URLs will be limited to http or https or mailto. (We may expand to tip jar style custom mobile URIs based on user demand but often there are https equivalents.) There is no terms of service requirement that a mailto appear or that it match the email address on file.

GroupProfile

A group profile only exists for named groups, "g-" groups.

PrincipalProfile allows getting at fields for either a person or a group.

In lieu of a ubiquitous profile object, there is a short Markdown descriptor available for any group.

For the public group, it is the term "everyone" appropriately localized. For an individual, "p-" group, it is the name if visible or otherwise "person#[auto-assigned-number]" with "person" appropriately localized For a "g-" group, it is the group name if visible or otherwise "group#[auto-assigned-number]" with "group" appropriately localized

GroupProfile currently has no fields beyond PrincipalProfile.

Named groups also have GroupMembership which is a separate domain object.

GroupMembership

GroupMembership lists which groups are in a named group.

Semantically, a group has organizers (can edit the group membership and the group profile) and members (cannot). Another group is in the group if it is either an organizer or member or it is transitively in any element of organizers or any element of members.

For shorthand this specification says a person is in a group when that person's corresponding p- group is in the group.

In the database, it's sufficient to represent groups via a table with three columns (contains, contained, role). The first two can be keys. The left column only contains g- group IDs, but the second can contain either g- or p- group IDs. Role is an enum (organizer, member).

It is legal for two named groups to contain each other. To rule otherwise would mean managing race conditions in databases between different group organizers. Code must not iterate members of groups without taking measures to avoid cycles.

Databases can efficiently compute this. AGE extends Postgres to make transitive closure computation efficient via cypher queries.

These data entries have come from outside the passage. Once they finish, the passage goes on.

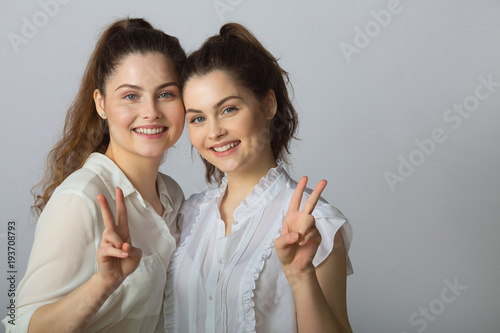 two beautiful smiling girl sisters twins in white blouses on a light background showing gestures success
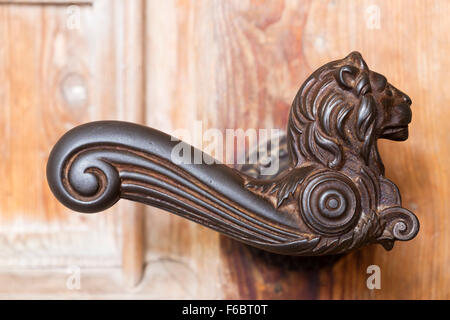 Doorknob, in the shape of a lion, at the Church of the Assumption in Burg bei Tengling, Rupertiwinkel, Chiemgau, Upper Bavaria Stock Photo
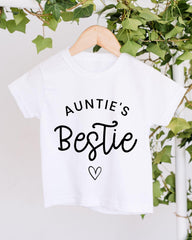 A white t-shirt with the text "Auntie's Bestie" printed on it, along with a heart symbol.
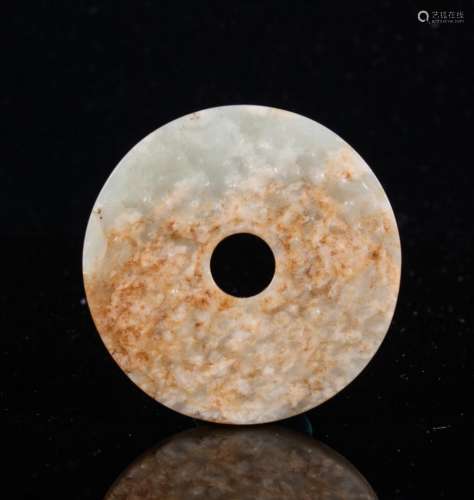 CHINESE ARCHAISTIC JADE BI DISC WITH RUSSET INCLUS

In the type representation, absent a database, it's convenient to have a bit more structure for a group, to break p- members out since they don't need to be transitively traversed. This would allow computing group membership on the client if really necessary.

Fields: - gOrganizers: List<Int64>, the auto-assigned ID parts of g- IDs. - gMembers: List<Int64>, the auto-assigned ID parts of g- IDs - pOrganizers: Set<PersonId>, the auto-assigned ID parts of p- IDs. - pMembers: Set<PersonId>, the auto-assigned ID parts of p- IDs

Here's an algorithm that is not efficient but which memoizes well, and can be used in test code and to check against a cypher implementation for equivalence. For checking group membership, memoized, takes two group IDs, container and contained, and a memo-table:

  1. if the two group IDs are the same, return true
  2. if the contained is the special group public, return false
  3. if the container is the special group public, return true
  4. if the container is a p- ID return false because it only contains itself and failed the check above
  5. if memoTable[pair(container, contained)] is present, return it
  6. let containerId: Int64 be the container's auto-assigned id part because it must be a g- group
  7. let containedId: Int64 be the contained's auto-assigned id part
  8. let isP: Boolean be true when contained is a p- group. Otherwise it's a g- group because we eliminated the special group public above.
  9. set memoTable[pair(container, contained)] = false. Guarantees halting even in the presence of group membership cycles.
  10. let result = false
  11. if isP and containedId is in either pOrganizers or pMembers, set result to true
  12. else if !isP and containedId is in either gOrganizers or gMembers, set result to true
  13. else for each element of the union of gOrganizers and gMembers
  14. recursively check group membership of container and element with the same memo-table
  15. if it is a member, set result to true and break from the loop
  16. set memoTable[pair(container, contained)] = result
  17. return result

For efficiency and ease of use, UserContext contains a GroupMembership helper object that either uses storage to check or caches group membership operations so that repeated questions about group membership can be efficiently answered.

LibraryProfile

A library profile has information about a library.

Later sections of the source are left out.